Juvenile Life Without Parole
Enacted: Feb 2015
Whereas, The United States Supreme Court in Graham v. Florida, 130 S.Ct. 2011 (2010) and Miller v. Alabama 132 S.Ct.2455 (2012) drew on brain and behavioral development research and ruled that children are constitutionally different from adults and should not be subject to our nation’s most punitive penalties; and
Whereas, In Graham the Court struck down life without parole sentences for non-homicide offenders holding that states must give children a “realistic opportunity to obtain release;” and
Whereas, In Miller the Court struck down mandatory life without parole sentences for homicide offenses; and
Whereas, Youthful offenders are considered those individuals under the age of eighteen years at the time of their offense.
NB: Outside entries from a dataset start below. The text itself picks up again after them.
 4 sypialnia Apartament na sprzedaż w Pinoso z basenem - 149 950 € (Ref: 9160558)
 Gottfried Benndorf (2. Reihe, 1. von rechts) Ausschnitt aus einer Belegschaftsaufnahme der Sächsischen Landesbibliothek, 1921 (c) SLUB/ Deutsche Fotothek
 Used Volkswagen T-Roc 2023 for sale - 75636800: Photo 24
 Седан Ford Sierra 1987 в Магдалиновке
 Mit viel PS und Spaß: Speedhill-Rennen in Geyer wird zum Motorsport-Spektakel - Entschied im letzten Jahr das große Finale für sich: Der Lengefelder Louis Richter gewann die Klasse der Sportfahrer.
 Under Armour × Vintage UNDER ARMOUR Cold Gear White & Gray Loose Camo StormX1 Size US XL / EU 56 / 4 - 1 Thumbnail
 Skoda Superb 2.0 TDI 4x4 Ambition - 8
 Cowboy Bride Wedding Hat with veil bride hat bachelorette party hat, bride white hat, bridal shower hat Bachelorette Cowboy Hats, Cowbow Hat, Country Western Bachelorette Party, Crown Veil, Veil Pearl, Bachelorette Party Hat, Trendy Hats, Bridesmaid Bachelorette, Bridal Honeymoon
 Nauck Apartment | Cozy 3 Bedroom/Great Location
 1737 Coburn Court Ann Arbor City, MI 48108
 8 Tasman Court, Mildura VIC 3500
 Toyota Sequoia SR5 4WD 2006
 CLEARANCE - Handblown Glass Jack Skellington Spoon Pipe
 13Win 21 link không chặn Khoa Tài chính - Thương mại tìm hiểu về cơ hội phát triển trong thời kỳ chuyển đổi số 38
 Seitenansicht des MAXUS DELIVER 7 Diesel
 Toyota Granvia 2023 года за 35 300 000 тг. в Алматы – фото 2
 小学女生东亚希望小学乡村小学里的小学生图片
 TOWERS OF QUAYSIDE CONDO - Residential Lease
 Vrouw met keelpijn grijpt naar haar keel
BE IT THEREFORE RESOLVED, That the Board of Directors of the American Probation and Parole Association urges federal, state, local, tribal, and territorial governments to adopt sentencing laws and procedures that appropriately acknowledge the mitigating factors of age and maturity of youthful offenders who are subject to adult penalties upon conviction, by enacting laws and rules of procedure that will:
- Prospectively and retroactively eliminate life without the possibility of release or parole for youthful offenders;
- Based on demonstrated maturity and rehabilitation and beginning at a reasonable point into their incarceration provide youthful offenders with meaningful periodic opportunities for release, considering the needs of the victims of their crime.